■ **DATA UNDER STUDY**:

******************************

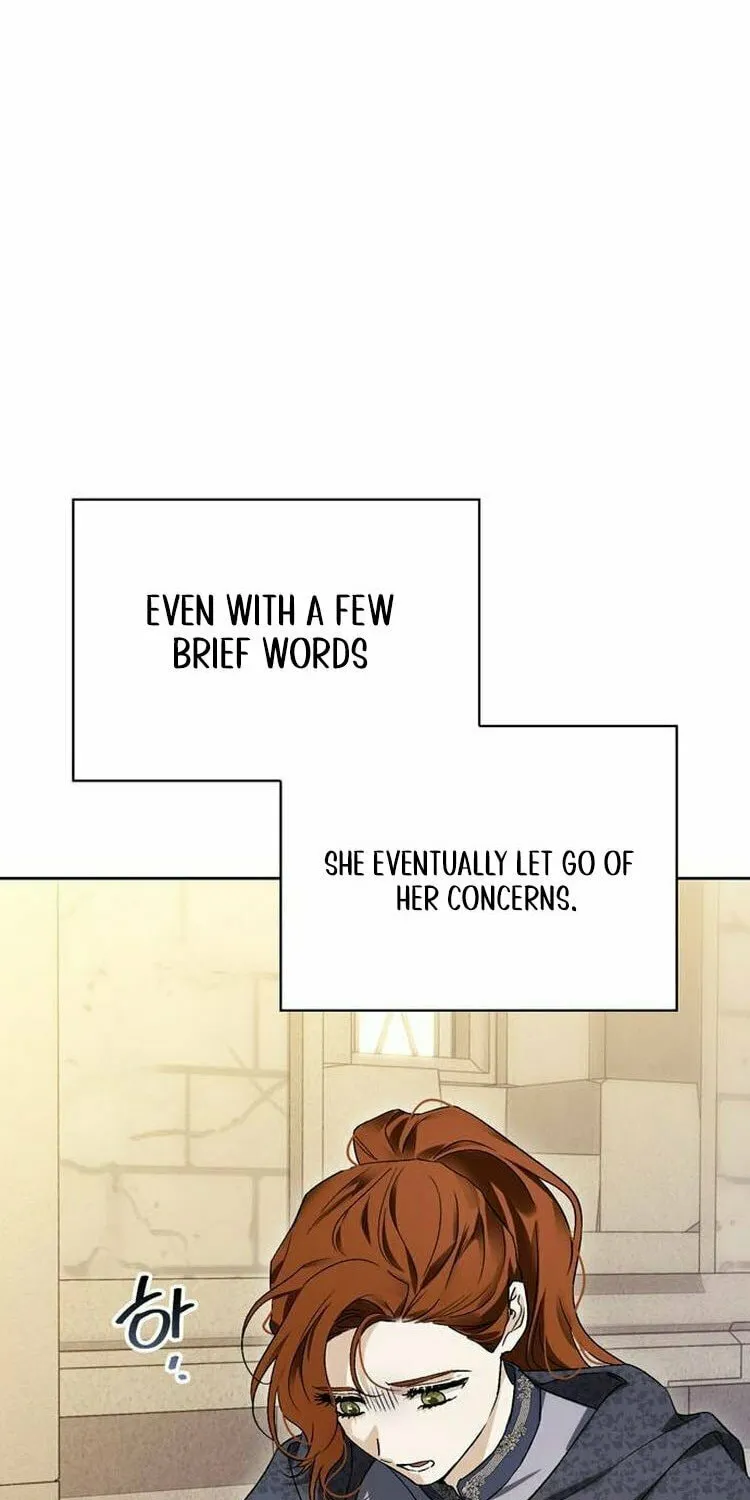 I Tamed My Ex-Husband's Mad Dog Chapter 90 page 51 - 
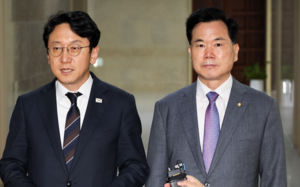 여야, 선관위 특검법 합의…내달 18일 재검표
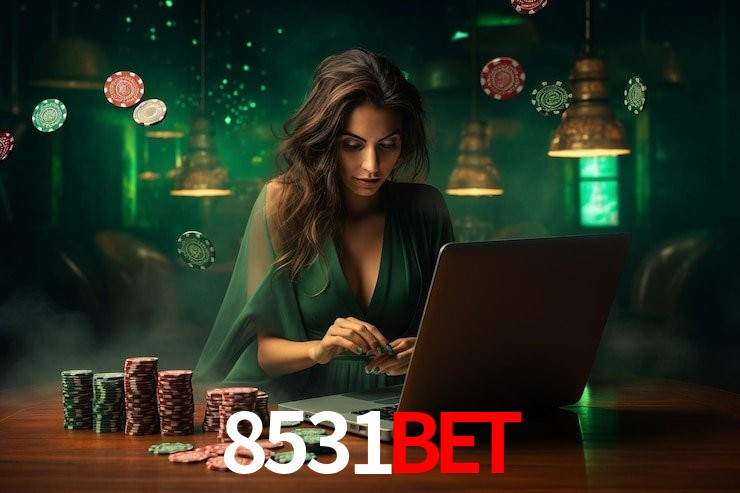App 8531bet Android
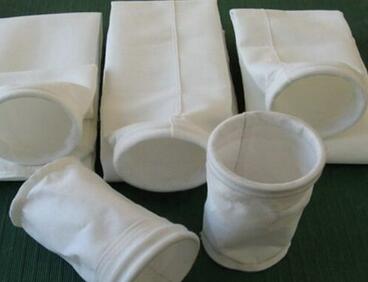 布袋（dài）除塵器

******************************

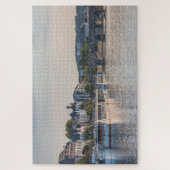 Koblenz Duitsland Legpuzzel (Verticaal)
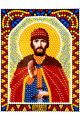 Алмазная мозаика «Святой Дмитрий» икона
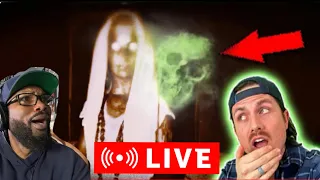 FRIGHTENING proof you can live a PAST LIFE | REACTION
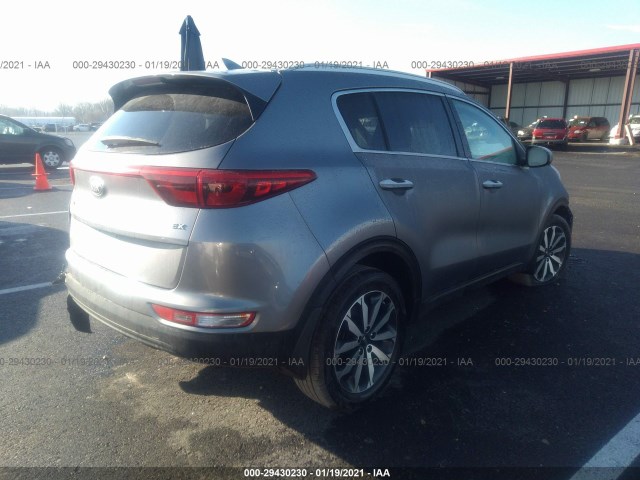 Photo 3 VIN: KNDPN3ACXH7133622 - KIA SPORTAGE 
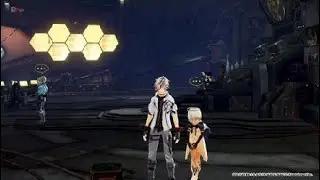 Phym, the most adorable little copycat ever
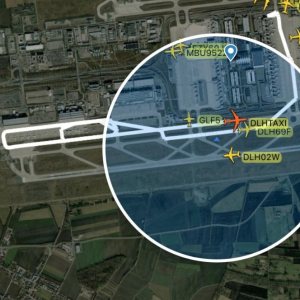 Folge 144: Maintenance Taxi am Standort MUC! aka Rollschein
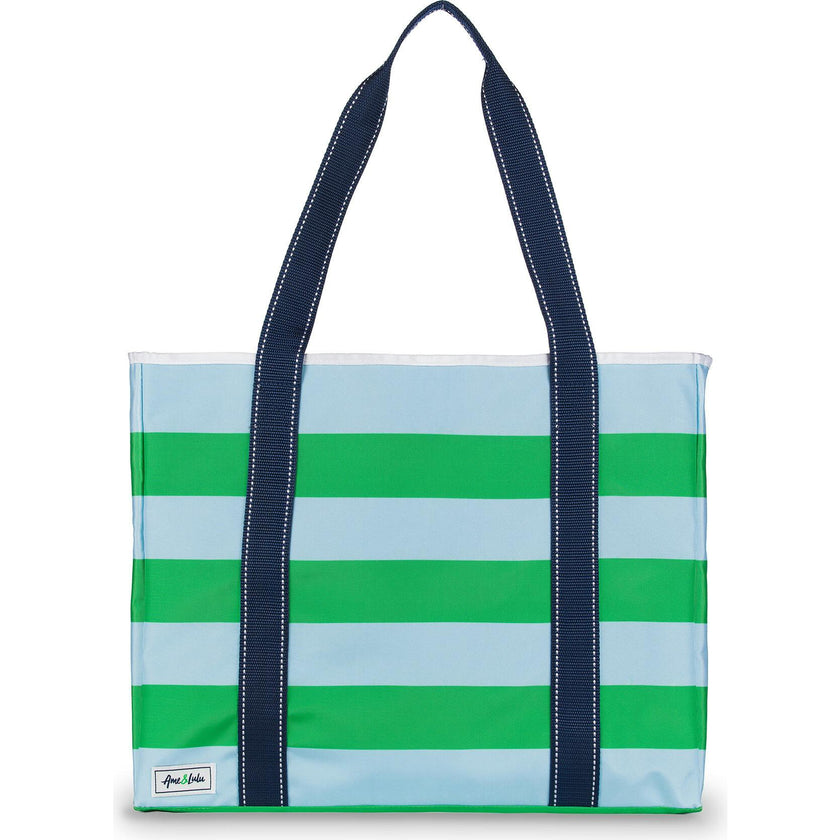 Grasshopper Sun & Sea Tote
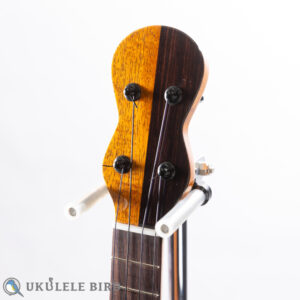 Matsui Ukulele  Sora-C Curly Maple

******************************

■ **PROBLEM**:
What to print is the stretch of entries from the line with "Koblenz Duitsland Legpuzzel (Verticaal)" up to and including the line with "Sora-C Curly Maple". Please print it exactly and leave out the pictures.

■ **RESPONSE AREA**:
 Koblenz Duitsland Legpuzzel (Verticaal)
 Алмазная мозаика «Святой Дмитрий» икона
 FRIGHTENING proof you can live a PAST LIFE | REACTION
 Photo 3 VIN: KNDPN3ACXH7133622 - KIA SPORTAGE 
 Phym, the most adorable little copycat ever
 Folge 144: Maintenance Taxi am Standort MUC! aka Rollschein
 Grasshopper Sun & Sea Tote
 Matsui Ukulele  Sora-C Curly Maple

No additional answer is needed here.